Guest Essay by Kip Hansen

Reading widely across the literature of many scientific fields broadens one’s view of the rate of scientific progress — both our increased knowledge and our “steps backwards”. A recent piece in Nature Ecology & Evolution represents both: one of these advances and one of these “steps backwards”.
The article is a Brief Communication titled “Moth biomass increases and decreases over 50 years in Britain” by Callum J. Macgregor, Jonathan H. Williams, James R. Bell and Chris D. Thomas. (a full .pdf is available via SciHub with doi: 10.1038/s41559-019-1028-6). Here’s the abstract:
“Steep insect biomass declines (‘insectageddon’) have been widely reported, despite a lack of continuously collected biomass data from replicated long-term monitoring sites. Such severe declines are not supported by the world’s longest running insect population database: annual moth biomass estimates from British fixed monitoring sites revealed increasing biomass between 1967 and 1982, followed by gradual decline from 1982 to 2017, with a 2.2-fold net gain in mean biomass between the first (1967–1976) and last decades (2008–2017) of monitoring. High between-year variability and multi-year periodicity in biomass emphasize the need for long-term data to detect trends and identify their causes robustly.”

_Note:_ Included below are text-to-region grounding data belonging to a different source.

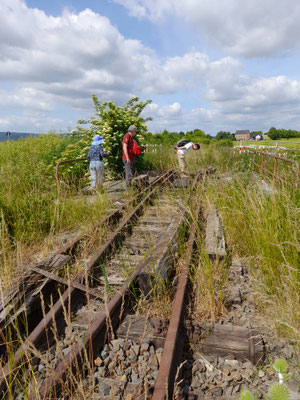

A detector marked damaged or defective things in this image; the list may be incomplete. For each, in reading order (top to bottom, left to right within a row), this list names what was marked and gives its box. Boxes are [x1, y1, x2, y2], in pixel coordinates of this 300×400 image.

rusty steel rail [55, 156, 88, 195]
rusty metal bar [55, 158, 89, 195]
rusty steel rail [252, 150, 298, 189]
rusty steel rail [0, 170, 175, 396]
rusty steel rail [38, 169, 200, 396]
rusty steel rail [152, 197, 202, 400]
rusty metal bar [152, 202, 202, 398]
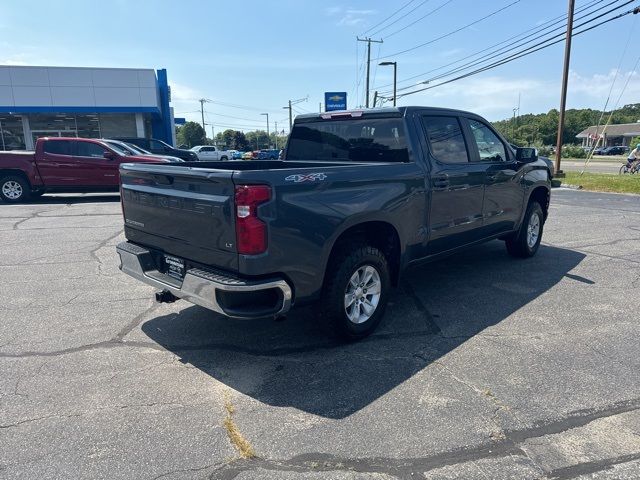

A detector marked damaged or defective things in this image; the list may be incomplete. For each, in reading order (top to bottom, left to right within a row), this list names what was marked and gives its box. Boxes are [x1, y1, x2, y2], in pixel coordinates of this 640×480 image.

crack in pavement [209, 400, 640, 478]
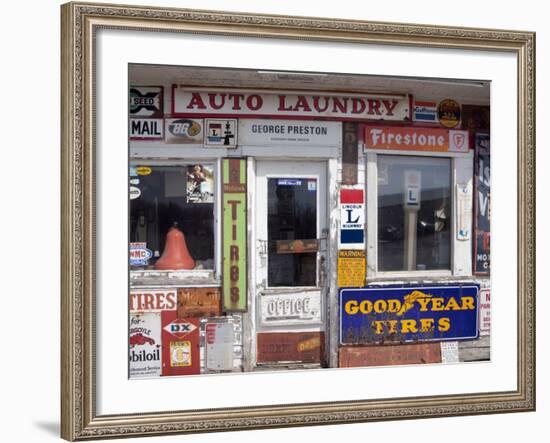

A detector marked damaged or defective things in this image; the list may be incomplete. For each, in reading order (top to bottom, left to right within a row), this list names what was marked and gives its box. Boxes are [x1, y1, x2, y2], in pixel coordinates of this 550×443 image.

rusted metal sign [224, 159, 250, 312]
rusted metal sign [176, 288, 221, 320]
rusted metal sign [260, 290, 324, 328]
rusted metal sign [258, 332, 326, 364]
rusted metal sign [340, 344, 444, 368]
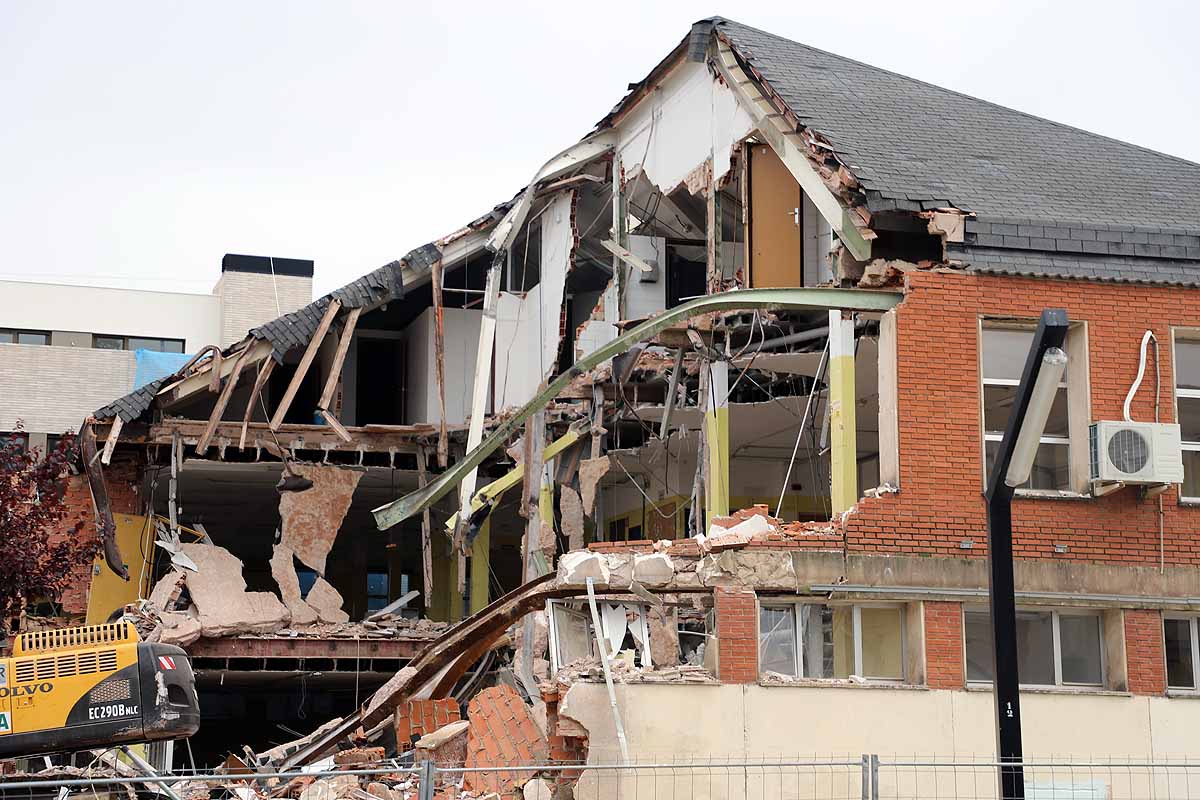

In surprisingly straightforward (and diplomatic) language, the authors start out with a clear explanation of the scientific problem:
Insufficient Comparable and Consistently Collected Long-term Data
“Reports of declining insect biomass give credence to the notion that insects are at the forefront of a ‘sixth mass extinction’. However, some reports have received criticisms for poorly justified conclusions, potential biases and extrapolating beyond the data. Regional abundance and distribution declines have taken place in many individual species but populations of other species are stable or increasing, leaving uncertainty over the consequences for biomass change and associated ecosystem processes. Nearly all existing estimates of biomass change lack continuous, systematically controlled monitoring or sufficient survey sites. Hence, analyses of continuously collected data from multiple sites and environments are necessary to establish the robustness of the conclusion that insect biomass is declining.” [footnote numbers removed — see original for these references — kh]
There is a Press Release related to the article here.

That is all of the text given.